From rankings to funnel plots: the question of accounting for uncertainty when measuring university research performance
Giovanni Abramo, Ciriaco Andrea D'Angelo, Leonardo Grilli

TL;DR
This paper applies funnel plot methodology to assess and visualize uncertainty in Italian universities' research performance, revealing many universities' indicators lack statistical significance for performance differences, raising questions about motivation.
Contribution
It introduces the use of funnel plots for university research performance measurement, accounting for uncertainty at discipline and university levels.
Findings
Most universities' indicators lack significant evidence of performance differences.
Uncertainty visualization can influence institutional motivation.

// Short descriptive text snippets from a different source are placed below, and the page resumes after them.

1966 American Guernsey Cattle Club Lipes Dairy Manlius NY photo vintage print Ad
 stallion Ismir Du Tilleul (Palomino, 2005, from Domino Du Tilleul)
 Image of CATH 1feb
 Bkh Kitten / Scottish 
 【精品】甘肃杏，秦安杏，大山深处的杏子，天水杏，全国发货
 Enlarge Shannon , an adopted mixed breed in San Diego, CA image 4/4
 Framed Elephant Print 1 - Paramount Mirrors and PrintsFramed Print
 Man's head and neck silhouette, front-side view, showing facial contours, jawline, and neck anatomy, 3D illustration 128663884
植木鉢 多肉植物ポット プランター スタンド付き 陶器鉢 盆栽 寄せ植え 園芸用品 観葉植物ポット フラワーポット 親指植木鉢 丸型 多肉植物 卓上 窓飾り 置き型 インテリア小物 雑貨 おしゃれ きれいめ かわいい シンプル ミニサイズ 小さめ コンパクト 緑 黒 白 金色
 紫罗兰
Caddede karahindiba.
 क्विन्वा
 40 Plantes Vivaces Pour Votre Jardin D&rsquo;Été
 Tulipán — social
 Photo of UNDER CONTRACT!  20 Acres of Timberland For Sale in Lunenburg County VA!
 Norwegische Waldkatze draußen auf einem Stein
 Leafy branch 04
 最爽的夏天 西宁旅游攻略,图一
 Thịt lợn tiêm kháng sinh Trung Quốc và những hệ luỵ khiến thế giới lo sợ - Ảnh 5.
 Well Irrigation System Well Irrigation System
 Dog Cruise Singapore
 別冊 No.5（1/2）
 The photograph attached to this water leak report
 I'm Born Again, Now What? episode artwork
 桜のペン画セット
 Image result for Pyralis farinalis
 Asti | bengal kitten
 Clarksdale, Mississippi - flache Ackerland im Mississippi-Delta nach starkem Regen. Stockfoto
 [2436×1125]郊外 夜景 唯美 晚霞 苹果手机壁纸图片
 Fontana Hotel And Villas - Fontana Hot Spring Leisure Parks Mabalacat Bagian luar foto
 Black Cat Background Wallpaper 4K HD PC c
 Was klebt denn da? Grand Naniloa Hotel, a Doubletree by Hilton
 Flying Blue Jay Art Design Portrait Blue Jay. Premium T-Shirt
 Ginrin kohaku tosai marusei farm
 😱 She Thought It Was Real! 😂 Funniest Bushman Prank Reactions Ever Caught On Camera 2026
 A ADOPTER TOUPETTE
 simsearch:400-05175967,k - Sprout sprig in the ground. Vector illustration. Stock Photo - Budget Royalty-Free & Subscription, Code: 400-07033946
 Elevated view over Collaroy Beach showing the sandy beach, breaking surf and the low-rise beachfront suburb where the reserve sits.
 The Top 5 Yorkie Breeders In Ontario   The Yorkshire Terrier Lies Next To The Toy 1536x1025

Funnel plots provide a statistically sound method for performance assessment.
Abstract
The work applies the funnel plot methodology to measure and visualize uncertainty in the research performance of Italian universities in the science disciplines. The performance assessment is carried out at both discipline and overall university level. The findings reveal that for most universities the citation-based indicator used gives insufficient statistical evidence to infer that their research productivity is inferior or superior to the average. This general observation is one that we could indeed expect in a higher education system that is essentially non-competitive. The question is whether the introduction of uncertainty in performance reporting, while technically sound, could weaken institutional motivation to work towards continuous improvement.